SURAKARTA – Pekan Paralimpiade Nasional (PEPARNAS) XVII resmi dibuka oleh Presiden Joko Widodo pada Minggu malam, 6 Oktober 2024, di Stadion Manahan, Surakarta, Jawa Tengah. Acara ini dihadiri oleh ribuan penonton yang memberikan dukungan kepada para atlet difabel dengan semangat yang tinggi.
PEPARNAS tahun ini mengusung tema “Bedo Nanging Digdoyo” yang berarti Berbeda Namun Digdaya. Tema ini menunjukkan bahwa meskipun para atlet memiliki perbedaan, mereka tetap memiliki kekuatan dan kemampuan yang luar biasa. Suasana di stadion sangat meriah, menjadi momen penting bagi para peserta untuk merasa bangga dan dihargai.
Dalam sambutannya, Presiden Jokowi menyampaikan pentingnya PEPARNAS sebagai ajang yang tidak hanya fokus pada prestasi, tetapi juga sebagai simbol kesetaraan bagi atlet disabilitas. Beliau mengatakan, "Kita semua patut berbangga karena atlet disabilitas Indonesia daya juangnya luar biasa dan prestasinya sangat membanggakan." Presiden juga menekankan bahwa PEPARNAS XVII adalah kesempatan bagi semua atlet untuk menunjukkan kemampuan terbaik mereka dengan semangat sportivitas.
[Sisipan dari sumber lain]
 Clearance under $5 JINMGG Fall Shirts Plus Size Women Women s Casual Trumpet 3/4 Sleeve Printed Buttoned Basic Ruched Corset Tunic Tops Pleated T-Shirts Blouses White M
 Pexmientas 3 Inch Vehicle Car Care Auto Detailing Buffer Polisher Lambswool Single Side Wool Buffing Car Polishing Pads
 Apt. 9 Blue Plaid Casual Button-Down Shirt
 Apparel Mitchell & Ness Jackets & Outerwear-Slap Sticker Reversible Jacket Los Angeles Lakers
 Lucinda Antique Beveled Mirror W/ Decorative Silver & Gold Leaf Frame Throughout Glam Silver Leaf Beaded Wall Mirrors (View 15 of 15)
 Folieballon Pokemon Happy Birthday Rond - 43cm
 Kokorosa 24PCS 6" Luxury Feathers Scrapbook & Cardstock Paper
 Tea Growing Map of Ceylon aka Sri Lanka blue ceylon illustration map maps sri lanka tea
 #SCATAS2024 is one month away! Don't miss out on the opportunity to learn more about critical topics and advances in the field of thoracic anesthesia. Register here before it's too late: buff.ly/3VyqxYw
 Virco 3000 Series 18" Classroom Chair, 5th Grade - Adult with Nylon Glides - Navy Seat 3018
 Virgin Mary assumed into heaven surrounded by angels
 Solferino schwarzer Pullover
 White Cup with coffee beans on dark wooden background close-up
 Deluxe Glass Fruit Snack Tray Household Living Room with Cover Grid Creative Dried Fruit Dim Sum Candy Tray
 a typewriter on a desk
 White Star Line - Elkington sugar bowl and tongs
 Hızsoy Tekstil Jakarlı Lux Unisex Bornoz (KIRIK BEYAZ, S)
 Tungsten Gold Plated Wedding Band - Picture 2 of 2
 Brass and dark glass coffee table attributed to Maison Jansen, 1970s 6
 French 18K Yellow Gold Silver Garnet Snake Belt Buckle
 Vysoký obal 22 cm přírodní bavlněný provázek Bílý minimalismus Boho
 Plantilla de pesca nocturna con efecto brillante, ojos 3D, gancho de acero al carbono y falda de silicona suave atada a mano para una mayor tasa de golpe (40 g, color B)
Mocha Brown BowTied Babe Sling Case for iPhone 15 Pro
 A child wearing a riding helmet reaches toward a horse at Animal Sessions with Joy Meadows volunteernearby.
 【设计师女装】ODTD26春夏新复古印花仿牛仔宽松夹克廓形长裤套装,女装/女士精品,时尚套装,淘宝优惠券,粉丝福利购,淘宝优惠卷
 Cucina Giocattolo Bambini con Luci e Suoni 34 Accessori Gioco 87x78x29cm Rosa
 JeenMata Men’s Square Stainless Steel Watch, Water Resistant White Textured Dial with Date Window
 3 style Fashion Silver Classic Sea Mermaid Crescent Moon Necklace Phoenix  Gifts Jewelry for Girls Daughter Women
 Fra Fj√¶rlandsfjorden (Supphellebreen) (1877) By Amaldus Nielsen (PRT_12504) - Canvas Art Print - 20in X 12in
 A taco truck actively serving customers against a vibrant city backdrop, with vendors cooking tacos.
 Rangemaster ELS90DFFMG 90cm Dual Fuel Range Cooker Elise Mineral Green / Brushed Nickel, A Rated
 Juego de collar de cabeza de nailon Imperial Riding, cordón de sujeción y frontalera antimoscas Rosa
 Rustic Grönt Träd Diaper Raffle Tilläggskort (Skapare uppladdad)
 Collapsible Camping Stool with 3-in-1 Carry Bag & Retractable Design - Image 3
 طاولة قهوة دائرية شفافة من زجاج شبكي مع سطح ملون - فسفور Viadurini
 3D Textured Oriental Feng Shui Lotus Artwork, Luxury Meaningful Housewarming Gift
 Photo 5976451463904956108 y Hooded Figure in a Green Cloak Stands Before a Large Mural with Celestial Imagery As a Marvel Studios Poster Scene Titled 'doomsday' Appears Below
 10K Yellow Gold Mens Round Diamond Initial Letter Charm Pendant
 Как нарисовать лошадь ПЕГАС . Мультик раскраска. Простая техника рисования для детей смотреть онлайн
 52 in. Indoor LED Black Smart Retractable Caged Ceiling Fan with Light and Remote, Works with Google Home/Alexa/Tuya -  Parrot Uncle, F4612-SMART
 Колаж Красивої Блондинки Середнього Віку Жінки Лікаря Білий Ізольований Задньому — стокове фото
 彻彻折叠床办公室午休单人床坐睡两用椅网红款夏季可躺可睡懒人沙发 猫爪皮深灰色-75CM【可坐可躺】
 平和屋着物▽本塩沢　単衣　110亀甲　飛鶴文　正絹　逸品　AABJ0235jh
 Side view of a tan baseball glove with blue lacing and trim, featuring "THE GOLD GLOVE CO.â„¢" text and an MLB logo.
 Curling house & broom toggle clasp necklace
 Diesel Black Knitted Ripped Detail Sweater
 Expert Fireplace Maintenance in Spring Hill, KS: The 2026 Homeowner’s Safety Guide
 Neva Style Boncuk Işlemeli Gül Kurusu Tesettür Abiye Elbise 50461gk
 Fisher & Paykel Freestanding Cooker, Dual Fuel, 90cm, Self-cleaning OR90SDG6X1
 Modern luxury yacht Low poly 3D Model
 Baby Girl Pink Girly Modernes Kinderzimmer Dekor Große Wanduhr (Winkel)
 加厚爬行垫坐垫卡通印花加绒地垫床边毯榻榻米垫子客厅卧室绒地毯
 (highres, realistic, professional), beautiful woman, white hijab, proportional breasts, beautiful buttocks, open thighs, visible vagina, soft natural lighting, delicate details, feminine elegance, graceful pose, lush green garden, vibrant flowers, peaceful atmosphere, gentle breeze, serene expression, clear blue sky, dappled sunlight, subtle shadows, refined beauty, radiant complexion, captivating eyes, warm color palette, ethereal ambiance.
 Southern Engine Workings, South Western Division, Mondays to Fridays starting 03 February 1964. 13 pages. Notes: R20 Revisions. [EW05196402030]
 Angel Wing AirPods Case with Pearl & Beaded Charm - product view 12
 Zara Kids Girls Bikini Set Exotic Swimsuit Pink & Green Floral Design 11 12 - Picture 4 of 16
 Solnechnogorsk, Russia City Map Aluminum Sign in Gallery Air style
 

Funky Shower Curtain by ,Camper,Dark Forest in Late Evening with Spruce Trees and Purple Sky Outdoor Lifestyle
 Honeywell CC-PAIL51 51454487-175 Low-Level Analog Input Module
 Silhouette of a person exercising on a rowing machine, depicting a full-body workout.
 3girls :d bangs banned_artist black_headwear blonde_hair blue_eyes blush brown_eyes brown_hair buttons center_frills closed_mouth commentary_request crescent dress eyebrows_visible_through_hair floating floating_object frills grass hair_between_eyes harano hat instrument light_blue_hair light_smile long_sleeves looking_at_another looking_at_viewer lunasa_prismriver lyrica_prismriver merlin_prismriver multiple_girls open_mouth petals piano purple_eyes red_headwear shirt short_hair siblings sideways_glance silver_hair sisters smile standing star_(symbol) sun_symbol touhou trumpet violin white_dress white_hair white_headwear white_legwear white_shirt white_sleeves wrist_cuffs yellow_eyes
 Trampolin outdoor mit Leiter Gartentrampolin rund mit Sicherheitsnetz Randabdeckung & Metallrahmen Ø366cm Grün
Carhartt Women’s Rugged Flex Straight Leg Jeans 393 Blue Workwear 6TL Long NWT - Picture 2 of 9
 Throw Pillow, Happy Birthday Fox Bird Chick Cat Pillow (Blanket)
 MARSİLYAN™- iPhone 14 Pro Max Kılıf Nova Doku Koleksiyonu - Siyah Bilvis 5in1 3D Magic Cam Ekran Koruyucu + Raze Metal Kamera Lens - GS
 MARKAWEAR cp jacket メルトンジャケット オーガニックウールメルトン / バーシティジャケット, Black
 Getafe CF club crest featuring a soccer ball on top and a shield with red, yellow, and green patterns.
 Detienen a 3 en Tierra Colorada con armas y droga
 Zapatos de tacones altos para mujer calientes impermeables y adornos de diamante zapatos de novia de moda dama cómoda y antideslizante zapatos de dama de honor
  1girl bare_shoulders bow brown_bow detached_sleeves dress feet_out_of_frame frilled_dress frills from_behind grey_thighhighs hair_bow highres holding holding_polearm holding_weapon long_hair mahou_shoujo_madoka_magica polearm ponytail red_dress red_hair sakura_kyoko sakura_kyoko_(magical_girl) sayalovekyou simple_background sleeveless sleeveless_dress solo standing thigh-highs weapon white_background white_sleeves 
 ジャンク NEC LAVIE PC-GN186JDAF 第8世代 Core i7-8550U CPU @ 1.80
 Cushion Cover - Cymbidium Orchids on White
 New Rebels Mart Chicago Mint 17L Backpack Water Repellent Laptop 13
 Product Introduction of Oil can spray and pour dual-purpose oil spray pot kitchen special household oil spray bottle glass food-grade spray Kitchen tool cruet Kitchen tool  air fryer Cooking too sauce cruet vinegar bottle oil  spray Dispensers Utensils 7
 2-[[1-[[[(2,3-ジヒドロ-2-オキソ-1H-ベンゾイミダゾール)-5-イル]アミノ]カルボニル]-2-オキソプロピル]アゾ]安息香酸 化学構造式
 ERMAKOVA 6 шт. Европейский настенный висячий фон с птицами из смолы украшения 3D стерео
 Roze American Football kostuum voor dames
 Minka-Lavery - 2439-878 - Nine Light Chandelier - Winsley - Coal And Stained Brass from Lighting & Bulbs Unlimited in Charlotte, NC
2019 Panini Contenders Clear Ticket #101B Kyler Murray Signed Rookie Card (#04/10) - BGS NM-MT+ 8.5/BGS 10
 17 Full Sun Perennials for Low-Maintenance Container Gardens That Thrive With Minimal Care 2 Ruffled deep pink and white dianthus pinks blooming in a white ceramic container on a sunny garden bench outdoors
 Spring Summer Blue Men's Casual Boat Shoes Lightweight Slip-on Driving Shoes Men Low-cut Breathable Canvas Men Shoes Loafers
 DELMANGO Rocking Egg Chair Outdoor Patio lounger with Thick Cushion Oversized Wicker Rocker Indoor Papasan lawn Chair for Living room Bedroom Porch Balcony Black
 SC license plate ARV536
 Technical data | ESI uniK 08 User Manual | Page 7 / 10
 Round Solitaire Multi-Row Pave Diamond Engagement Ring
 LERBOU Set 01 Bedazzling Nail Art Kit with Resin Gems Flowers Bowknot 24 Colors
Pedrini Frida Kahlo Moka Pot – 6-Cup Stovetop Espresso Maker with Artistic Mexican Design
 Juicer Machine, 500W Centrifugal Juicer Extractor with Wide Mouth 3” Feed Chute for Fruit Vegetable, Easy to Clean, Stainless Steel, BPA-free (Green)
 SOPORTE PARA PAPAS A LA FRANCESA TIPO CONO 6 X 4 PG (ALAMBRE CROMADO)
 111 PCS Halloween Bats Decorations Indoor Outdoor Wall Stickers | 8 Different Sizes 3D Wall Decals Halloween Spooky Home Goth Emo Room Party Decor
Acara pembukaan ditandai dengan penampilan seni budaya yang memukau dan penyalaan api kaldron oleh Anas Mustofa, seorang atlet Para Tenis Meja. Menteri Pemuda dan Olahraga, Dito Ariotedjo, juga menyampaikan bahwa PEPARNAS XVII bukan hanya sekadar ajang pencarian prestasi, tetapi juga merupakan komitmen pemerintah untuk memastikan kesetaraan bagi penyandang disabilitas dalam dunia olahraga.
Dengan pembukaan resmi ini, PEPARNAS XVII menandai dimulainya kompetisi yang penuh semangat dan harapan bagi semua atlet. Acara ini diharapkan dapat menjadi ajang yang memotivasi dan menginspirasi banyak orang, terutama bagi mereka yang memiliki disabilitas.
PEPARNAS XVII 2024 menjadi momen bersejarah untuk atlet difabel Indonesia dan masyarakat, menunjukkan bahwa dengan semangat dan kerja keras, semua orang dapat mencapai prestasi yang membanggakan.